Le groupe de travail a été responsable de l’élaboration et de la mise en œuvre de stratégies visant à informer les décideurs et le public sur l’avortement à risque. Le groupe a lancé des recherches et mis en œuvre des initiatives ciblant les principales parties prenantes pour sensibiliser et fournir des informations sur l’avortement sécurisé en cas de viol et d’inceste et pour réduire la mortalité maternelle et l’infanticide. Lors d’un entretien avec les médias en 2015, le président Macky Sall a indiqué qu’il pourrait éventuellement soutenir la légalisation de l’avortement dans certaines circonstances.

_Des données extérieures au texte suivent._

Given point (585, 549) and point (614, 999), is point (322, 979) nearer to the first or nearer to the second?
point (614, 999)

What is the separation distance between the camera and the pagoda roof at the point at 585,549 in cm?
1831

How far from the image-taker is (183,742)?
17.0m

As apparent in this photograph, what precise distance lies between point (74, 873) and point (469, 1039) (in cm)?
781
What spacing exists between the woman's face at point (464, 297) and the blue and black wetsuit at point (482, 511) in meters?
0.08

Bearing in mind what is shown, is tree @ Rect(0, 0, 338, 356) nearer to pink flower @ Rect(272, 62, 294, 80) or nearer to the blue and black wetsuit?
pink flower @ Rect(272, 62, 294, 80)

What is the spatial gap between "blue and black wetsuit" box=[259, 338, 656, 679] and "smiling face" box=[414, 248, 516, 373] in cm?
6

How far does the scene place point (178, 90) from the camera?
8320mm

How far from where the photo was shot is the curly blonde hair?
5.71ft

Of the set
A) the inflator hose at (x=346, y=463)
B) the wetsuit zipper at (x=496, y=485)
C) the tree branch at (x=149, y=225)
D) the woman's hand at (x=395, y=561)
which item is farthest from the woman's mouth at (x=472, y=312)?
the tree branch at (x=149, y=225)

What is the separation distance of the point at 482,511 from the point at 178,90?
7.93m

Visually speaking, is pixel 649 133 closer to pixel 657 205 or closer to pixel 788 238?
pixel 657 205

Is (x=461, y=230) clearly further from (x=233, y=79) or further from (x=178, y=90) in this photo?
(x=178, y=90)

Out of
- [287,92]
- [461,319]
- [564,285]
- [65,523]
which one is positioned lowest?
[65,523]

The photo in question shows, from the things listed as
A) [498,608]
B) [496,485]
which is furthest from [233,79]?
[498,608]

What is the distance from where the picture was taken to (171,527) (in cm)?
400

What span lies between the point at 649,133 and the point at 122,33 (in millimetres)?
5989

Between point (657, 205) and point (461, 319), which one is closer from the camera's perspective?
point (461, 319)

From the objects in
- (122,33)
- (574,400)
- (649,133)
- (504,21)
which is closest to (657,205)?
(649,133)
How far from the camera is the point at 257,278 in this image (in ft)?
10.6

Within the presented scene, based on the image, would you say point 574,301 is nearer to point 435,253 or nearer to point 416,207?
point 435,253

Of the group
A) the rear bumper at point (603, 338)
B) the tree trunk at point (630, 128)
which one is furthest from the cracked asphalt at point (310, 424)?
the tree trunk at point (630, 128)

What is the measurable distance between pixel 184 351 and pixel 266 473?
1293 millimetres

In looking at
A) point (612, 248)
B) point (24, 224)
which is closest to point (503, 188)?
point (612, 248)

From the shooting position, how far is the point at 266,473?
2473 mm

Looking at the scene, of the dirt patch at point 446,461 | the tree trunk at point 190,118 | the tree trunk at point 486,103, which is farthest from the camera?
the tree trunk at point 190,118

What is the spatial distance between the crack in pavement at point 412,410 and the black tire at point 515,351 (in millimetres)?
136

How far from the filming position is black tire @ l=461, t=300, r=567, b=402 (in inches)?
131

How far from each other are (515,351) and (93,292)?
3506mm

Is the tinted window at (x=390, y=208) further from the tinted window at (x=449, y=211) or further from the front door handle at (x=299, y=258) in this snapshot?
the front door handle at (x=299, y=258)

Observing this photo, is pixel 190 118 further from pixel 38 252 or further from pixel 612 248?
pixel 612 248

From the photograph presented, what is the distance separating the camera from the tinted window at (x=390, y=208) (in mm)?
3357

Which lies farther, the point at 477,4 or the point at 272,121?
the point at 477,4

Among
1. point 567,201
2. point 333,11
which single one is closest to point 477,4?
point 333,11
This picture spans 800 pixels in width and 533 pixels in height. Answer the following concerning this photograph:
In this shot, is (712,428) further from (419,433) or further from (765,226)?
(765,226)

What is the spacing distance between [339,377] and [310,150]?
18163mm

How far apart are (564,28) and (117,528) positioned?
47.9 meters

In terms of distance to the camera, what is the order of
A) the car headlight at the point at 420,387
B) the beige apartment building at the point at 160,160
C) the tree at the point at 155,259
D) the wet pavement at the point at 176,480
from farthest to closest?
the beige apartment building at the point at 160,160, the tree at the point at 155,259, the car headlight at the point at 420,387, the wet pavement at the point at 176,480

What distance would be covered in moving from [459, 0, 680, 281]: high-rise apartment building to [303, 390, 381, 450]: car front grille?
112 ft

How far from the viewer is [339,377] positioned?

Cependant, le débat public sur ces questions reste limité et le débat encourageant le gouvernement à reconsidérer la question est minime.

 

Les révisions de la législation existante sur l’avortement au Sénégal sont essentielles. Faciliter l’accès et l’autorisation de l’avortement médicamenteux en cas d’agression sexuelle, de viol, d’inceste ou lorsque la grossesse met en danger la santé mentale ou physique de la mère ou du fœtus favorisera la santé et les droits des femmes et des filles au Sénégal. Cela allégera également le fardeau des systèmes législatif, pénitentiaire et de santé et soutiendra l’économie conformément aux lois et conventions internationales.

 

FIN

 

Christopher Burke est le directeur général de WMC Africa, une agence de communication et de conseil basée à Kampala, en Ouganda. Il possède près de 30 ans d’expérience sur un large éventail de questions de développement social, politique et économique, axées sur la santé publique, les communications, la gouvernance et la consolidation de la paix, en Asie et en Afrique.